Web page caption snippets
*** Begin section ***

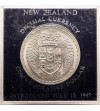 New Zealand. 1 Dollar 1967, Introduction of decimal currency, Series: Shield of Arms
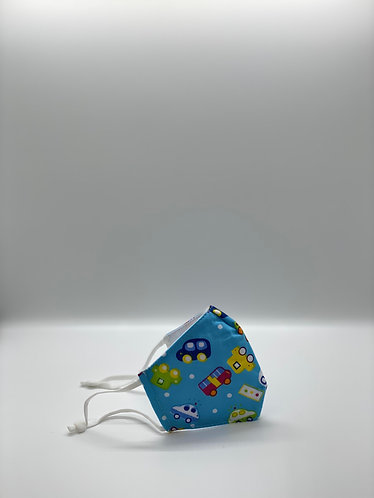 Stylish Kids Cotton Face Mask- Blue Cars
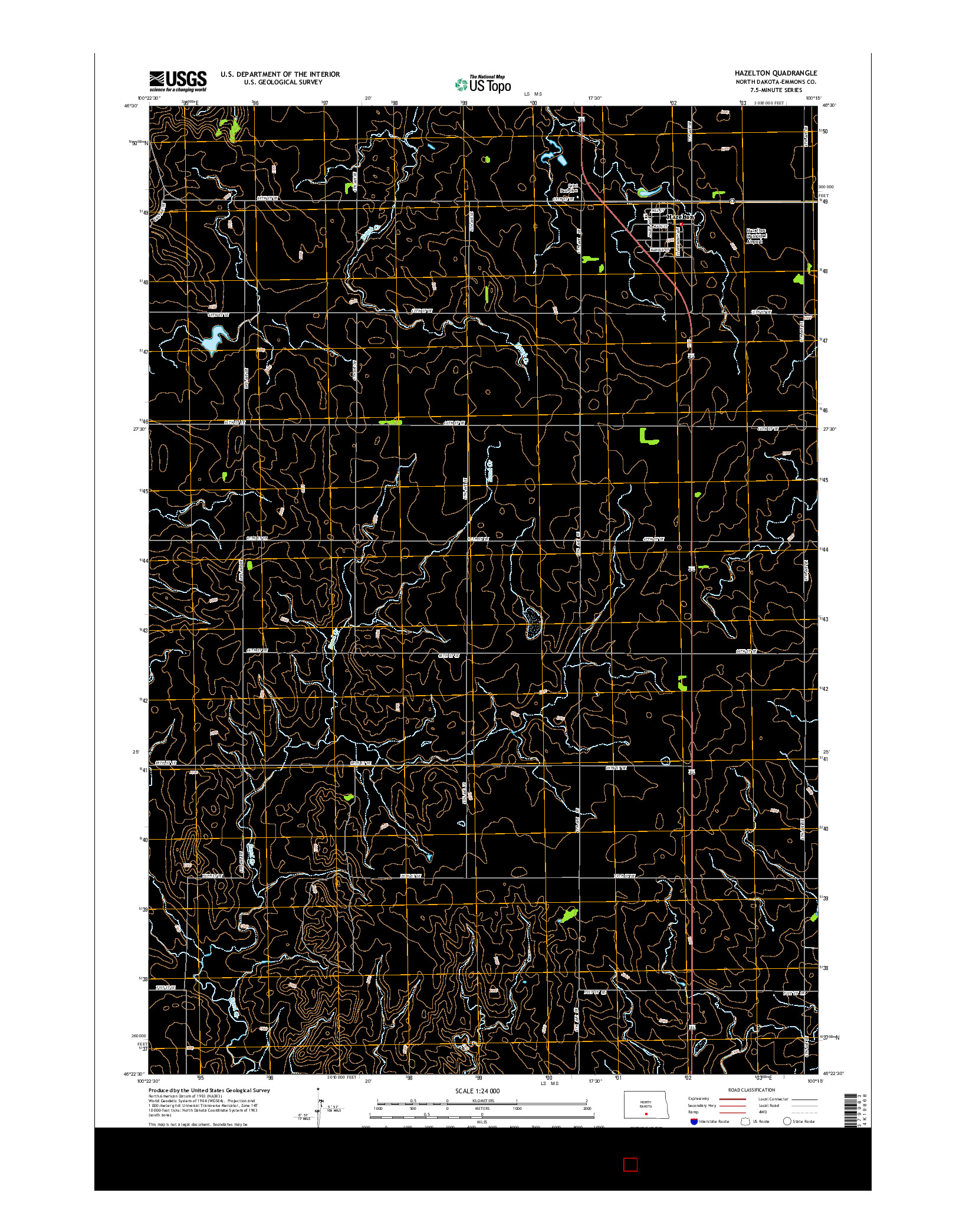 USGS US TOPO 7.5-MINUTE MAP FOR HAZELTON, ND 2014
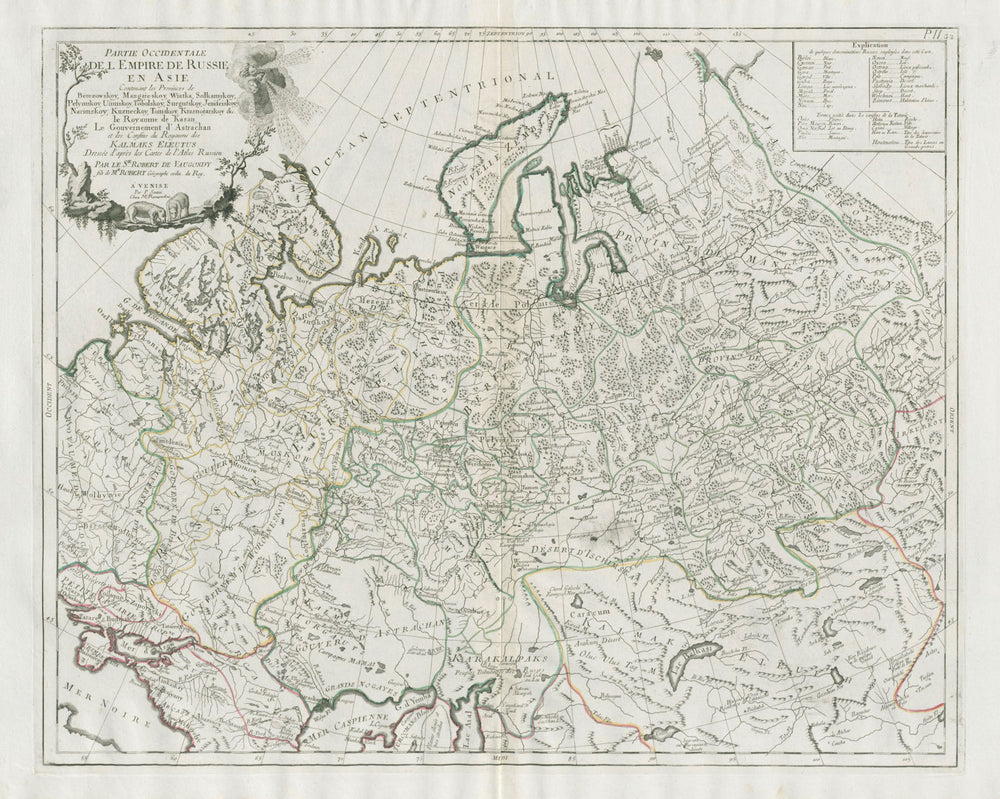 "Parte Occidentale de l'Empire de Russie en Asie…" SANTINI/VAUGONDY 1784 map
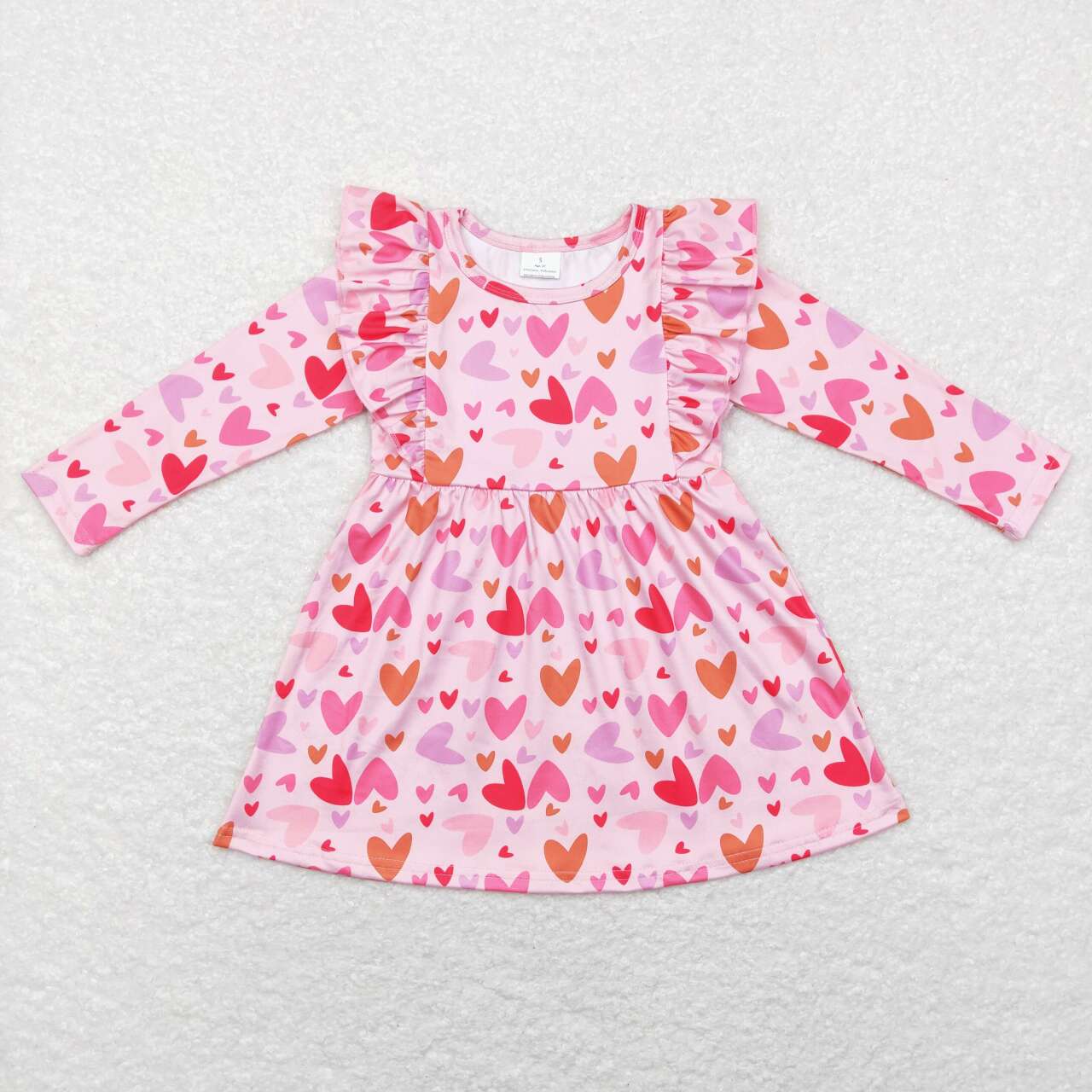 GLD0460 Valentine's Day red heart pink long sleeve girls dress
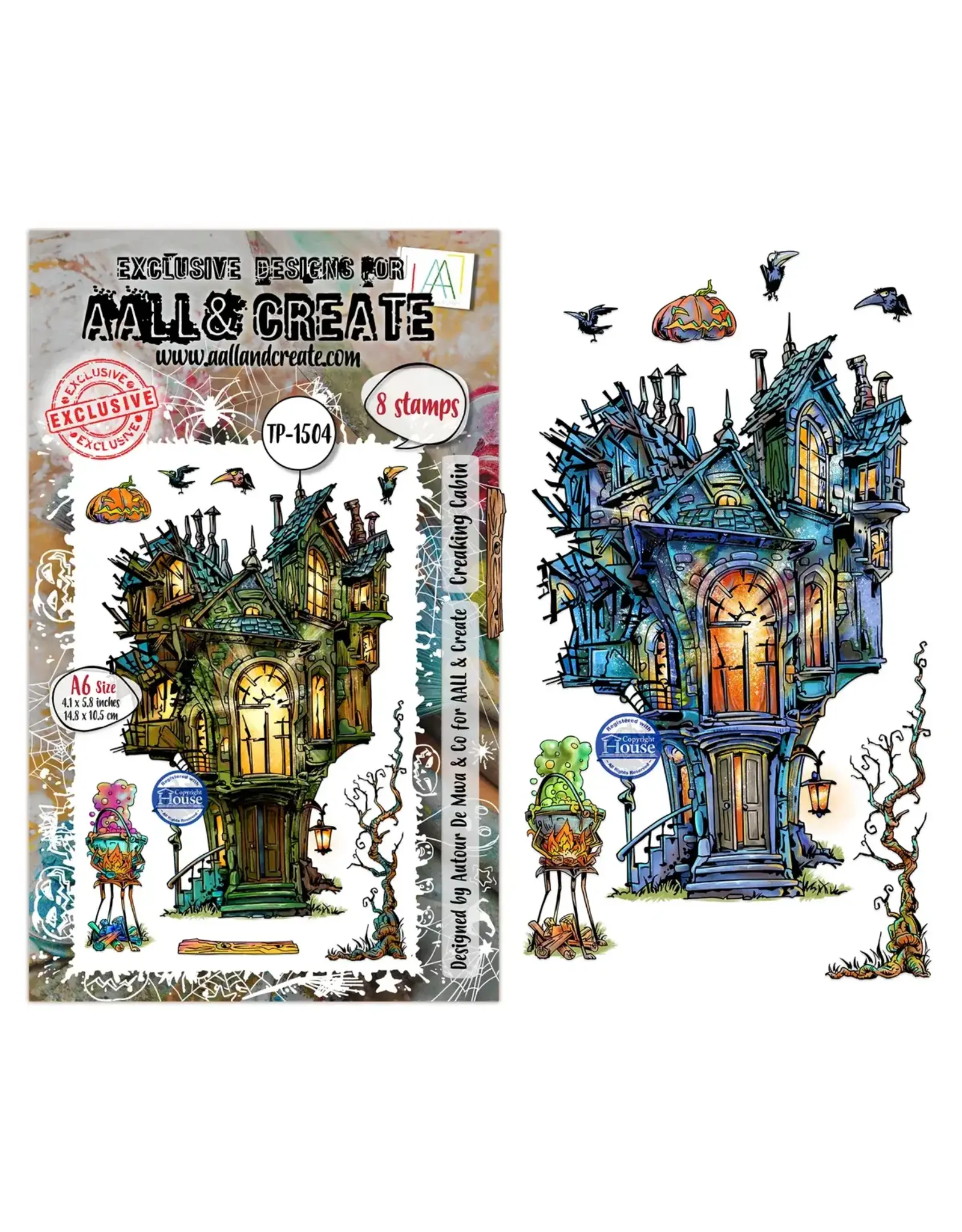 AALL & CREATE AALL & CREATE AUTOUR DE MWA #1504 CREAKING CABIN A6 CLEAR STAMP SET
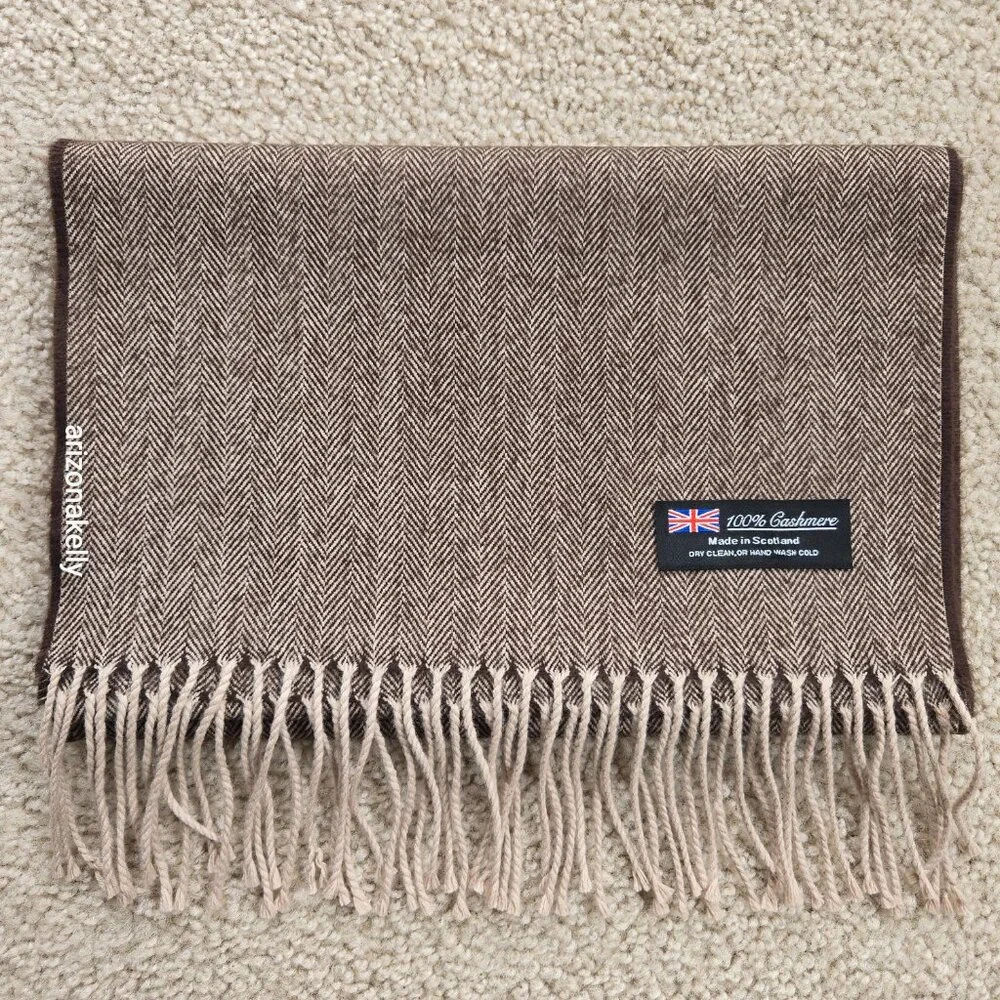 NWOT Cashmere Herringbone Scarf Brown & Creme Made in Scotland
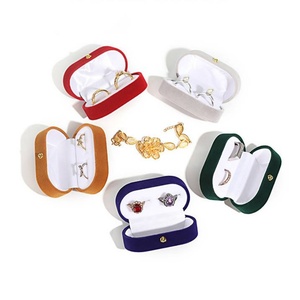 Elegant Flannel Double Slot <b>Rings</b> Jewelry Box Solid Color <b>Ring</b> <b>Storage</b> Box Velvet Proposal Pair <b>Ring</b> Box for Couple - Product Image 6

*** End section ***

# [Problem]
What is needed is an exact reproduction of the data, pictures excluded.

# [Written reply]
 New Zealand. 1 Dollar 1967, Introduction of decimal currency, Series: Shield of Arms
 Stylish Kids Cotton Face Mask- Blue Cars
 USGS US TOPO 7.5-MINUTE MAP FOR HAZELTON, ND 2014
 "Parte Occidentale de l'Empire de Russie en Asie…" SANTINI/VAUGONDY 1784 map
 GLD0460 Valentine's Day red heart pink long sleeve girls dress
 AALL & CREATE AALL & CREATE AUTOUR DE MWA #1504 CREAKING CABIN A6 CLEAR STAMP SET
 NWOT Cashmere Herringbone Scarf Brown & Creme Made in Scotland
 Elegant Flannel Double Slot <b>Rings</b> Jewelry Box Solid Color <b>Ring</b> <b>Storage</b> Box Velvet Proposal Pair <b>Ring</b> Box for Couple - Product Image 6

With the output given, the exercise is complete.